1

When NF is used with FPAT regex, the comma is considered a field. I prefer using NF and FPAT:

1) NF – to limit the output to the actual number of fields for the record

2) FPAT – to handle an embedded comma in a quoted field like line 3:

 "Bus Driver, City/Transit",51

3) the awk script is used for several input files that have a different number of columns for record 6 - record 6 is the column name/header for the contents of the file...

The output from testing, the first, test1, uses a fixed value for number of fields, the second, test2, uses NF for the number of fields.

using gawk 4.1.4

    BEGIN {
            FPAT = "(^,)|([^,]+)|(\"[^\"]+\")"
            OFS = "\t"
        }

    NR == 6 {

       for (i = 1; 6 >= i; ++i) {
       #for (i = 1; NF >= i; ++i) {

           colName[i] = $i
           print "Column Name: " colName[i]

    }    

      { print "", "number of fields: " NF }
    }

Input File starting at record 6: NR == 6 {...

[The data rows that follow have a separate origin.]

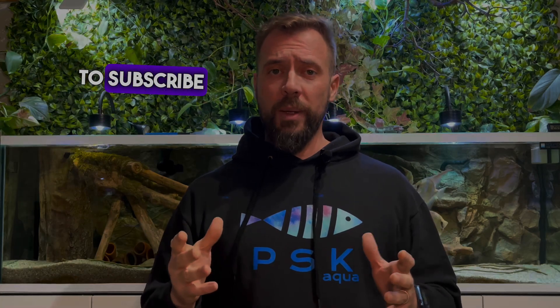I hope you enjoyed this video and learned a bit more about detritus worms. If you have any questions or suggestions, leave them in the comments and don't forget to subscribe to the channel so you don't miss out on future topics about aquarium keeping. Thank you for your support and see you in the next video.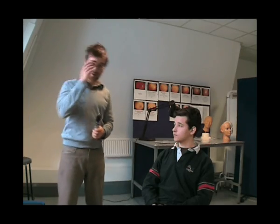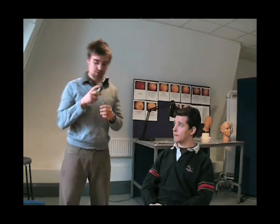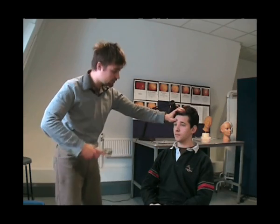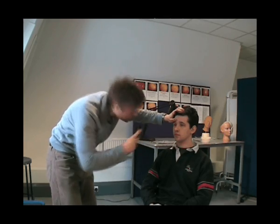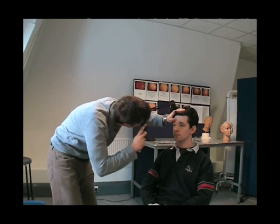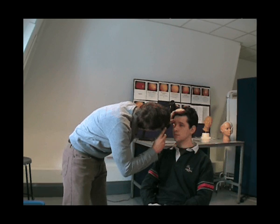Now we're ready to use the ophthalmoscope. Make sure it is on, and take off your glasses if you have them on. Make sure the ophthalmoscope is set to plus 10. Put your hand on the patient's head, and from 30 centimetres away, look for the red eye reflex. This is like what you get when you take a picture with a camera and it flashes. I can see the red eye reflex, and that's fine in this eye. Having seen the red eye reflex, I move in, focusing and dialing down the numbers as I get closer and closer to the eye.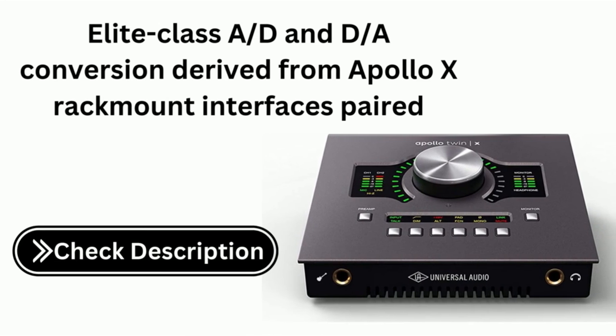It offers class-A conversion derived from Apollo X rack mount interfaces, paired with high-end analog design.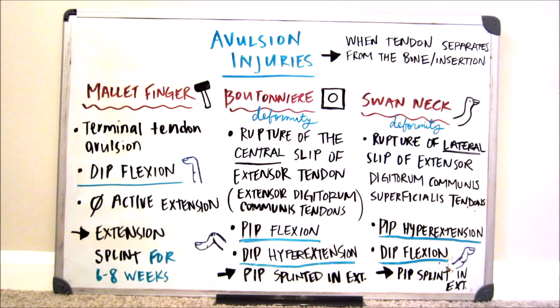Hey everyone, welcome back to my channel. Today's video is going to be about avulsion injuries.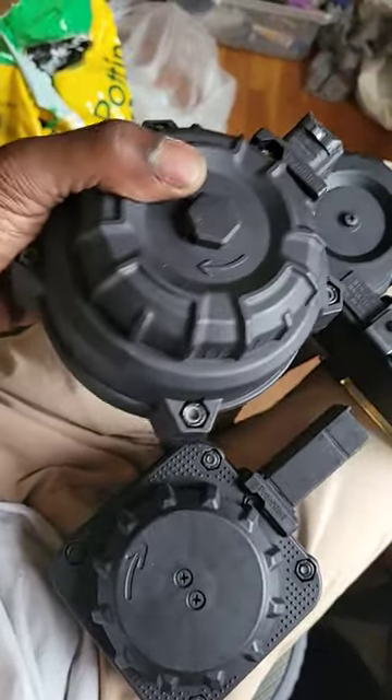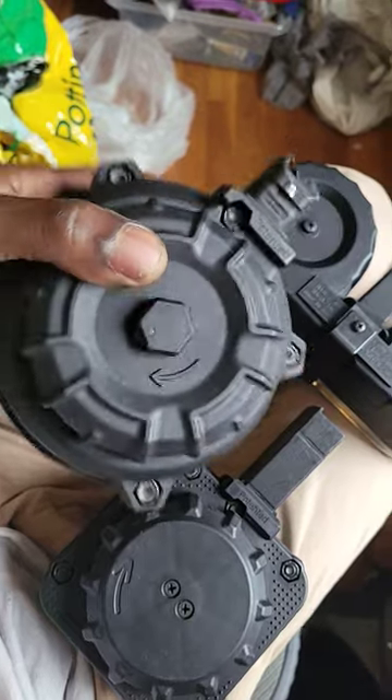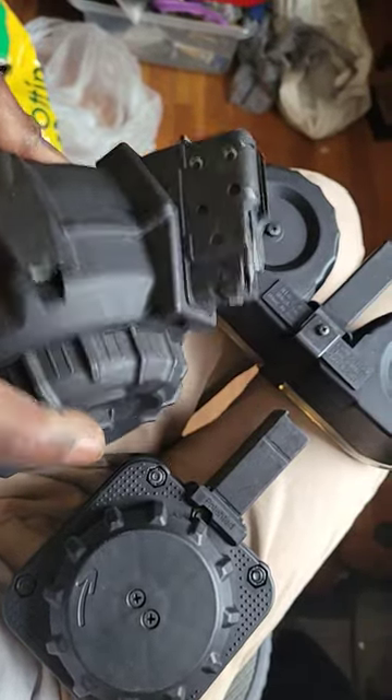This is the AK mag. This joint runs nice too, no jams, runs smooth.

    Occupation,States Licensed 
    Barber,51 
    "Bus Driver, City/Transit",51

The output I expect/want:

    Column Name: Occupation
    Column Name: States Licensed
        number of fields: 2

test 1: for (i = 1; 6 >= i; ++i) {...

output is correct - what I expect/want, except, of course, for the 4 columns/fields that are not valid but are shown because of using a fixed value of 6.

    Column Name: Occupation
    Column Name: States Licensed
    Column Name: 
    Column Name: 
    Column Name: 
    Column Name: 
        number of fields: 2

test 2: for (i = 1; NF >= i; ++i) {...

output is NOT what I expect/want; note the comma is a indicate as a field

    Column Name: Occupation
    Column Name: ,
    Column Name: States Licensed
        number of fields: 3
  • The problem is your regex I think - try FPAT = "\"[^\"]*\"|[^\",]*" (a possibly empty sequence of non-quotes surrounded by quotes, or a possibly empty sequence of not-comma-or-quotes). Or more readably gawk -v FPAT='"[^"]*"|[^",]*' '<stuff>' – steeldriver Mar 2 at 1:25
1

0. Congratulations.  You seem to have found a bug in gawk.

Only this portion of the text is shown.